Höheres Gewicht, höheres Leptin

In allen Gruppen ließ sich beobachten, dass ein höherer BMI zu höheren Leptin-Spiegeln im Blut führte, je übergewichtiger, desto ausgeprägter. Auf den ersten Blick ist dies paradox, führt man sich die Funktion des Hormons im Körper vor Augen: Es dient nämlich vor allem der Steuerung des Sättigungsgefühls. Sind die Fettspeicher gefüllt, setzen sie Leptin frei und signalisieren dem Körper Sättigung. Dadurch reguliert Leptin die Energieaufnahme. Im Falle übergewichtiger Menschen ist jedoch oft eine Leptinresistenz zu beobachten, das heißt, dass trotz gesteigerter Leptin-Mengen eben kein Sättigungsgefühl erreicht wird. Die Ursache für diese fehlende Leptinsensitivität vermuten Forscher in den Nervenzellen.

Leptin fördert Entzündungsprozesse

Bei den Teilnehmern mit MS war der hohe Leptin-Spiegel gleichzeitig mit einer gesteigerten Produktion von die Immunabwehr stimulierenden Zellen, so genannten Zytokinen, verbunden. Diese durch Leptin verursachte Aktivität konnte man auch im Zellversuch nachweisen, indem man die Zellen der Teilnehmer ohne MS mit Leptin behandelte. Darüber hinaus schien Leptin den Anteil zirkulierender regulatorischer Zellen (Treg-Zellen) zu verringern. Diese haben die Funktion, Immunantworten zu kontrollieren.

Auch in anderer Hinsicht wirkt sich das Leptin ungünstig aus: Es verhindert, dass autoreaktive (T-) Zellen, die auch körpereigene Strukturen angreifen und damit Autoimmunreaktionen fördern, den Zelltod sterben. Dadurch erhält Leptin einen entzündungsfördernden Zustand im Organismus weiter aufrecht.

Zusammengefasst weisen die Ergebnisse darauf hin, dass Leptin Autoimmunreaktionen durch diese verschiedenen Wirkmechanismen fördert, konstatieren die Autoren. Ein signifikant erhöhtes Risiko für die Entwicklung einer MS stellten die Forscher insbesondere bei Übergewicht im Alter von 15 und Fettleibigkeit im Alter von 20 Jahren fest.

Abnehmen zur Prävention und Linderung?

Was könnte dies praktisch bedeuten? Kann Abnehmen eine MS verhindern oder deren Verlauf lindern? Erste Hinweise darauf liefern Tierversuche: Hier sorgte eine deutliche Verringerung der Kalorienzufuhr kombiniert mit einer speziellen Immunisierung der Versuchstiere für eine Besserung der Krankheit, die im Wesentlichen der MS beim Menschen entspricht.
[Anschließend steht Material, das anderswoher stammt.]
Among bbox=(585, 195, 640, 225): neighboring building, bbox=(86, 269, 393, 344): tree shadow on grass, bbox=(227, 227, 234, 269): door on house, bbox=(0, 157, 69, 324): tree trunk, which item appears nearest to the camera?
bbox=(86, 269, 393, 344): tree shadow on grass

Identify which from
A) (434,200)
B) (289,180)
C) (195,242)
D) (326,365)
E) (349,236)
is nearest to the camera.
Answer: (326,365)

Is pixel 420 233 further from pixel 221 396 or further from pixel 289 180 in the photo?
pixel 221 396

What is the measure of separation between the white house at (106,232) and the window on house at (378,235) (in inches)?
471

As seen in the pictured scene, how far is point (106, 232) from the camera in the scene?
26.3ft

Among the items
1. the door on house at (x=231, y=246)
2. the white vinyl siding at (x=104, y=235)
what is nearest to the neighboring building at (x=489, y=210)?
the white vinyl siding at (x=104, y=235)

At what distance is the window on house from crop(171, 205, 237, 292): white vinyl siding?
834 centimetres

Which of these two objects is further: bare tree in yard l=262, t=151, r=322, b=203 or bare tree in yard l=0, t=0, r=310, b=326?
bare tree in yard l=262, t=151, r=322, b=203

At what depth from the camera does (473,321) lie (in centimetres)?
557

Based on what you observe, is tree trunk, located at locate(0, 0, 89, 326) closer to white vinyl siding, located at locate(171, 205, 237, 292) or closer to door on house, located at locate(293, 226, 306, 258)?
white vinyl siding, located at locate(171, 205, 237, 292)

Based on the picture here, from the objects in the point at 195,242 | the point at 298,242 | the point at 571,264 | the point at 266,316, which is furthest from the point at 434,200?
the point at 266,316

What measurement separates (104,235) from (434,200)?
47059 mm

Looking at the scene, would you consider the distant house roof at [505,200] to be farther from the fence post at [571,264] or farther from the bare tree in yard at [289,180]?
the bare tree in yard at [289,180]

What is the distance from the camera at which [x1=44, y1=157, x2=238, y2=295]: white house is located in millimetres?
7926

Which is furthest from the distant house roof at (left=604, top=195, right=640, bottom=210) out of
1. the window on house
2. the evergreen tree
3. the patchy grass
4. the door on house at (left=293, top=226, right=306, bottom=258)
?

Dennoch sind weitere Untersuchungen notwendig, um den Zusammenhang von Übergewicht und MS näher zu beleuchten – etwa wurden in der aktuellen Studie Faktoren, die zur hohen Gewichtsentwicklung in Kindheit und jungem Erwachsenenalter bei den Probanden geführt haben, noch nicht berücksichtigt.
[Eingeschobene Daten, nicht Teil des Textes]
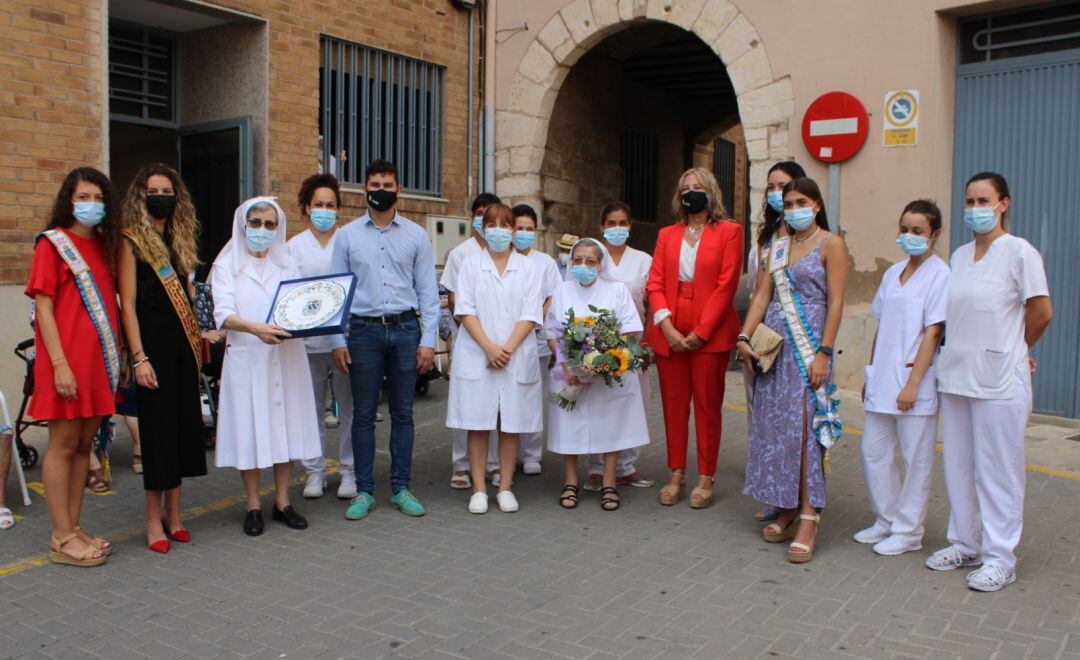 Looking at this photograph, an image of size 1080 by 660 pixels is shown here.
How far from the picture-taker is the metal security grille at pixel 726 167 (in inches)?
752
Unabhängig von den weiteren Forschungsergebnissen gilt: Eine gesunde und ausgewogene Ernährung ist in jedem Fall empfehlenswert. Und insbesondere Menschen mit starkem Übergewicht profitieren von einer, allerdings in einem moderaten Tempo durchgeführten, Gewichtsabnahme – ob mit oder ohne Autoimmunerkrankung.